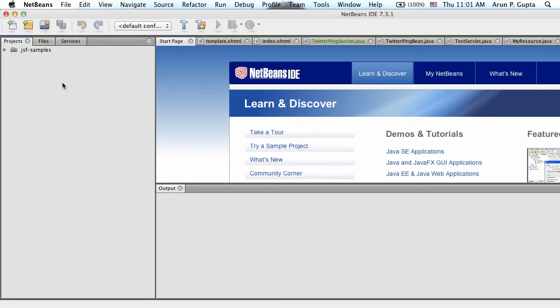For the recording, we are starting part two at UberConf, and this is the Java EE 7 deep dive on different technologies.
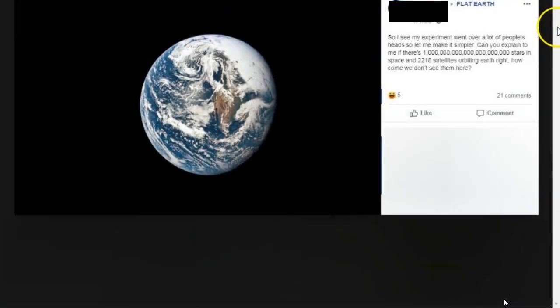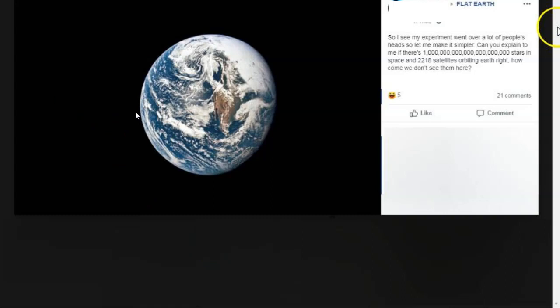So, in answer to the question about why we can see the Earth but not the stars or the satellites — obviously it comes down to the camera settings and what the camera has been exposed for. The Earth is in bright sunlight, which is why we can see it. And in order to see the stars or the satellites, we would need to completely overexpose the Earth, and we would not see anything other than white, basically. So that is the reason why we can't see the stars and satellites in a properly exposed image of the Earth from space.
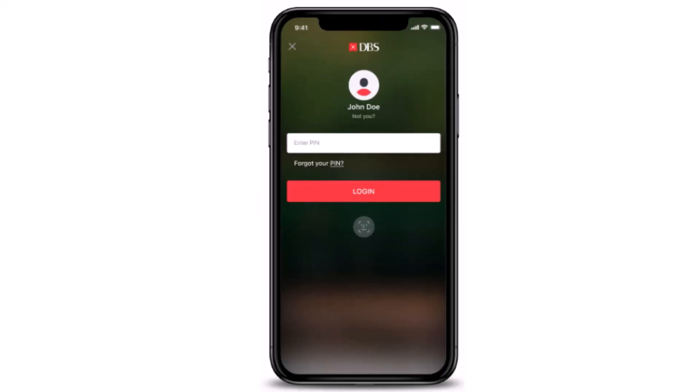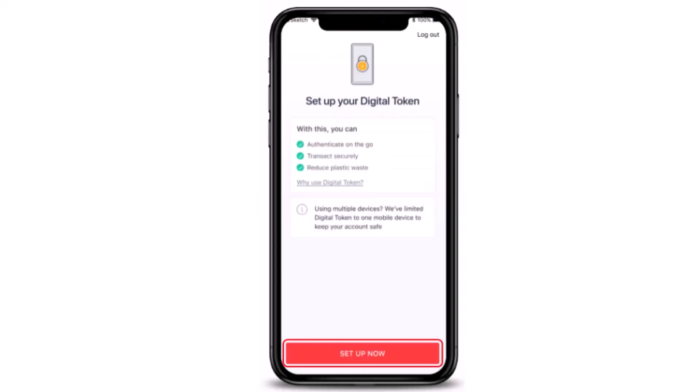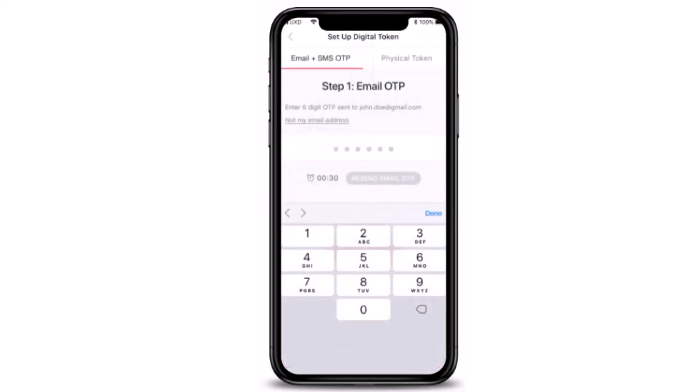In order to verify your identity, you'll have to enter your PIN, or you can use Touch ID, Face ID, or your username in order to log in to your account. Once you're done logging in, on the next page make sure to go through it all and then tap on Setup Now, which is right at the bottom.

═══

• Required action:
The answer should contain all the material above, copied exactly, and no images.

• Solution to the problem:
For the recording, we are starting part two at UberConf, and this is the Java EE 7 deep dive on different technologies.
So, in answer to the question about why we can see the Earth but not the stars or the satellites — obviously it comes down to the camera settings and what the camera has been exposed for. The Earth is in bright sunlight, which is why we can see it. And in order to see the stars or the satellites, we would need to completely overexpose the Earth, and we would not see anything other than white, basically. So that is the reason why we can't see the stars and satellites in a properly exposed image of the Earth from space.
In order to verify your identity, you'll have to enter your PIN, or you can use Touch ID, Face ID, or your username in order to log in to your account. Once you're done logging in, on the next page make sure to go through it all and then tap on Setup Now, which is right at the bottom.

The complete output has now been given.